You are right, Tensor lhs[0] is one dimensional, but to answer you question first let me show what is going on under the hood. TensorContainer does not override the [] operator, instead it uses the one from the parent (which is Tensor), more precisely the following one is called:
MSHADOW_XINLINE Tensor<Device, kSubdim, DType> operator[](index_t idx) const {
return Tensor<Device, kSubdim, DType>(dptr_ + this->MemSize<1>() * idx,
shape_.SubShape(), stride_, stream_);
}
As can be seen it creates a new Tensor on a stack. And while for the most of the cases it will create generic N-dimensional Tensor, here for the 1-dimensional case it will create a special 1-dimensional Tensor.
Now ,when we have established what exactly is returned by the operator [], let's look on the fields of that class:
DType *dptr_;
Shape<1> shape_;
index_t stride_;
As can be seen the shape_ here has only 1 dimension! so there is no shape_1, instead by calling shape_1 it will return stride_(or part of it).
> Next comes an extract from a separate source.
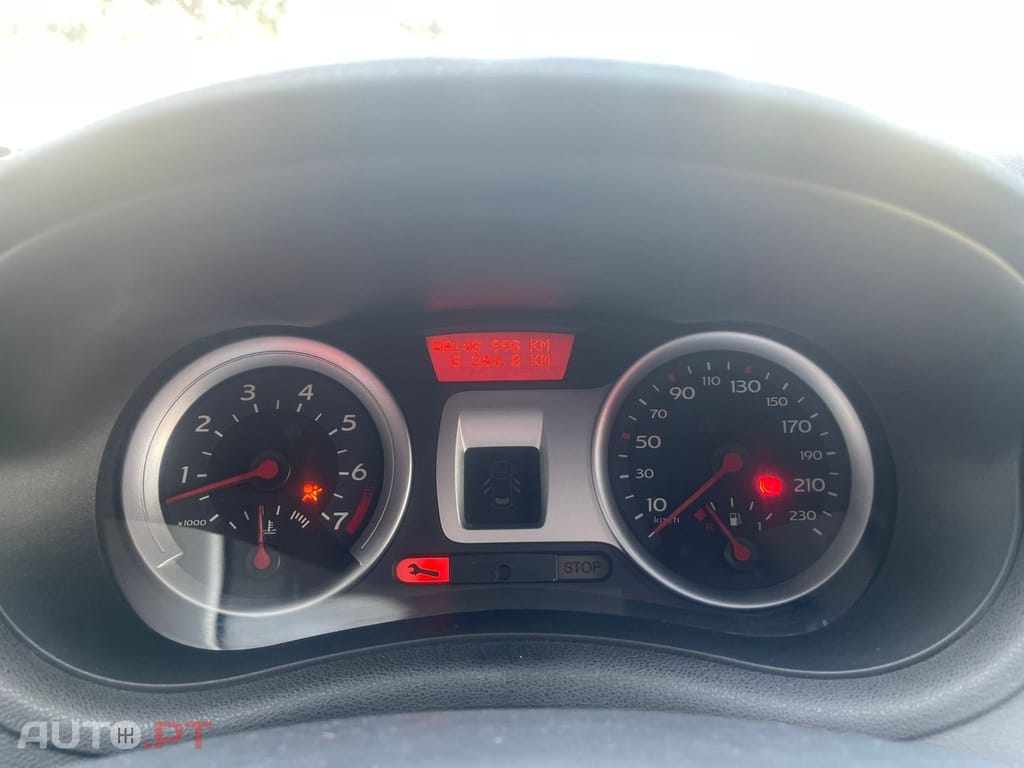 Renault Clio 1.2 16V Confort Authentique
Here is the modification to the Tensor constructor that you can try to run and see what is actually going on there:
MSHADOW_XINLINE Tensor(DType *dptr, Shape<1> shape,
index_t stride, Stream<Device> *stream)
: dptr_(dptr), shape_(shape), stride_(stride), stream_(stream) {
std::cout << "shape[0]: " << shape[0] << std::endl; // 3
std::cout << "shape[1]: " << shape[1] << std::endl; // 0, as expected
std::cout << "_shape[0]: " << shape_[0] << std::endl; // 3, as expected
std::cout << "_shape[1]: " << shape_[1] << std::endl; // garbage (4)
std::cout << "address of _shape[1]: " << &(shape_[1]) << std::endl;
std::cout << "address of stride: " << &(stride_) << std::endl;
}
and the output:
shape[0]: 3
shape[1]: 0
_shape[0]: 3
_shape[1]: 4
address of _shape[1]: 0x7fffa28ec44c
address of stride: 0x7fffa28ec44c
_shape1 and stride have both the same address (0x7fffa28ec44c).